## GIVEN MATERIAL

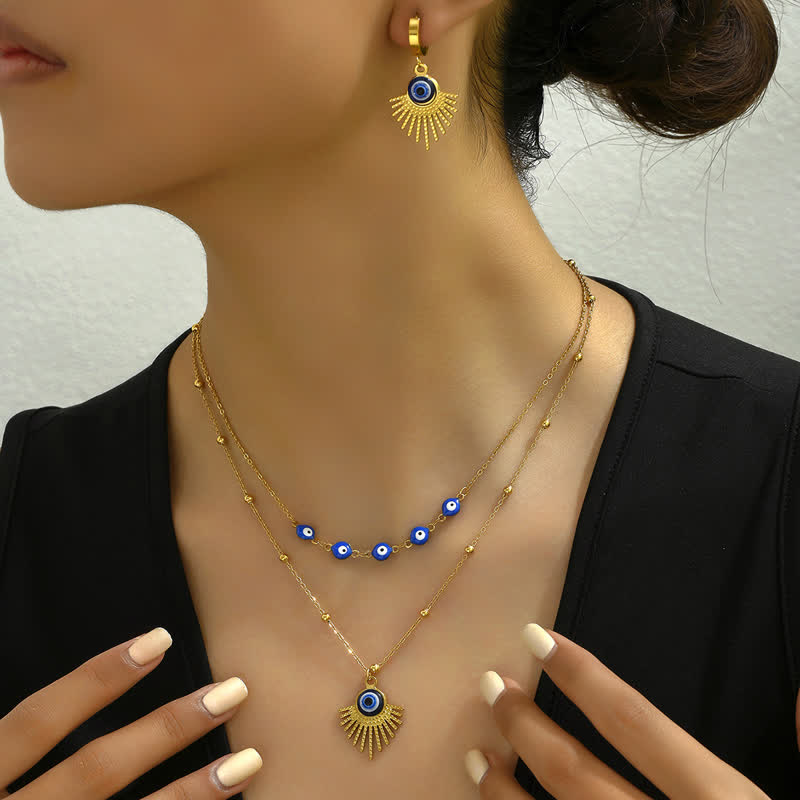 Conjunto de collar y pendientes con ojo malvado azul de Olivenorma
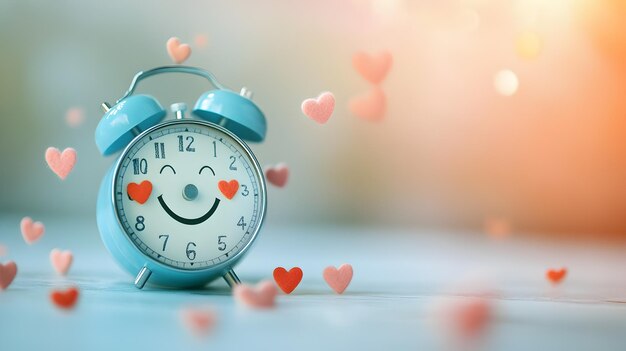 Photo a blue alarm clock with a smiley face and red hearts around it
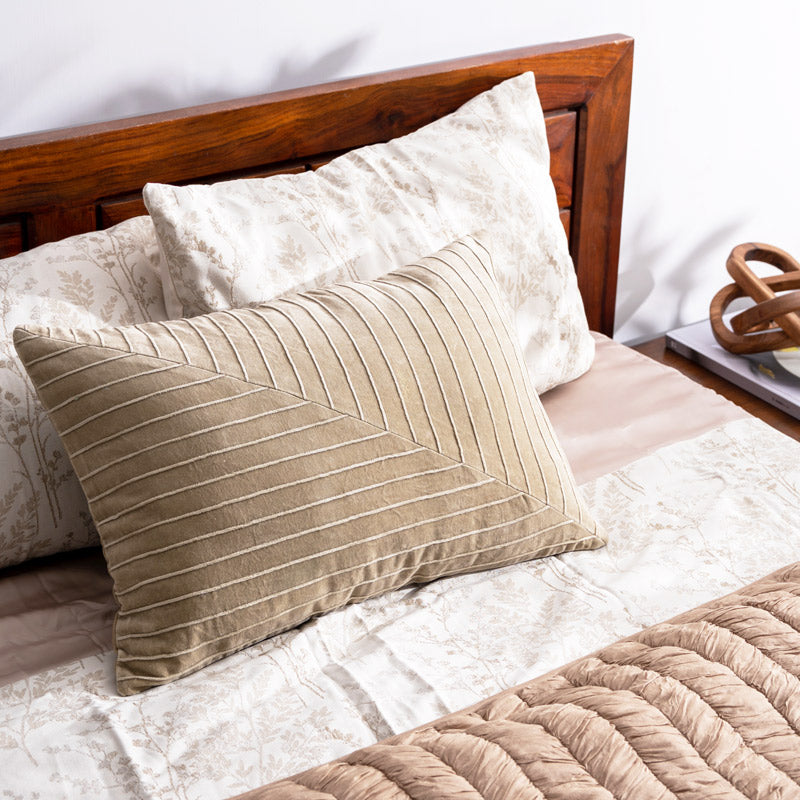 Pinstripe Velvet Textured Rectangular Cushion Cover 60x40cm - Greige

## EXERCISE
From the first line to the last, please copy the data exactly, with the pictures left out.

## WRITTEN SOLUTION
 Conjunto de collar y pendientes con ojo malvado azul de Olivenorma
 Photo a blue alarm clock with a smiley face and red hearts around it
 Pinstripe Velvet Textured Rectangular Cushion Cover 60x40cm - Greige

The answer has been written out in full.